The 747 Jumbo Jet slowly lifted off the runway at Chicago-O’Hare airport bound for Hong Kong with a flight time of 15 hours and 27 minutes.
The route took us over the Northwest Territory of Canada, and into the Arctic Ocean, north of Alaska. Absolutely one of the most desolate places I have ever seen. There is water visible but the majority of the surface is covered in ice flows. With binoculars, it looks white, barren and featureless. Hard to imagine I am over a frozen part of the world and the next day I would be on a tropical beach.
A slight turn and we head over the vast expanse of Siberia, passing the rugged Cherskogo mountain range in north east Russia. Nine hours into the flight, we are over a vast and barren landscape that transforms into white mountains as we cross the Verkhoyanskiy Mountains and into the Aldan Plateau, just north of Korea.
We cross over the eastern section of the Gobi Desert; a vast expanse of wavy sand. It seems like the majority of the trip has been over remote and desolate uninhabited territory – snow, ice, water, sand, mountains.

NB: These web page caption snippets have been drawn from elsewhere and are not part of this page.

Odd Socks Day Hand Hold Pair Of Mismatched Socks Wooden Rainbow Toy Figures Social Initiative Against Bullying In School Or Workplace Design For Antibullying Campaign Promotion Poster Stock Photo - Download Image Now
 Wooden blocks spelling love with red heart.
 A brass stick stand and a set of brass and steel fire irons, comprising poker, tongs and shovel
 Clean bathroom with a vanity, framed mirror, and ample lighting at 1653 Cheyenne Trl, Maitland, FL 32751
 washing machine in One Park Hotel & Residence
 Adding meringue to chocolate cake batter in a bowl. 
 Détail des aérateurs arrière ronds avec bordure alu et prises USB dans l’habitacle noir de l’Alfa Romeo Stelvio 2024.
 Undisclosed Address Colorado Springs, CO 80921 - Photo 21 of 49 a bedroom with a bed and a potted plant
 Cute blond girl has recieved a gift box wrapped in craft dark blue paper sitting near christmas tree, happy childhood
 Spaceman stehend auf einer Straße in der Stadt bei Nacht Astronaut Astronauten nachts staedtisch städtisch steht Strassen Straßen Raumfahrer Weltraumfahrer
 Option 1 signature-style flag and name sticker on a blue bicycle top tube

After landing in Hong Kong, I boarded another 747 for a flight to Manila. The next day, another plane ride takes me to the southern island of Negros. The aerial view of Manila and its surroundings was nice, lots of homes and the air surrounding the city does not appear to be as polluted as it is in the city.
As we approach landing in Dumaguete, there is only water all around. Part of the runway is man-made and extends a mile into the bay.
A sign at the airport says, “Welcome to Dumaguete.” I am now in a tropical paradise.
Outside the airport, a man with a sign “Cesar Vaughn” greets us, takes our luggage and whisks us off to the resort. On the wall at the check-in desk, was this sign:
Be Honest
Even if others are not
Even if others will not
Even if others cannot
The layout is awesome! My bungalow faces the bay and the grass is like a putting green. The rooms are hardwood and tile and the bed frame is bamboo. The patio is screened in for insect free lounging. The trees are loaded with coconuts and the gentle breeze is wonderful. We had brunch under a grass thatched roof and watched the local fisherman earn a living plying the waters of the bay.
It took me over a day’s travel and four plane changes but it was well worth it. We walked one block to the dive shop called “Scuba Ventures”, met our guide, Sam, and off we went across town to the dive area.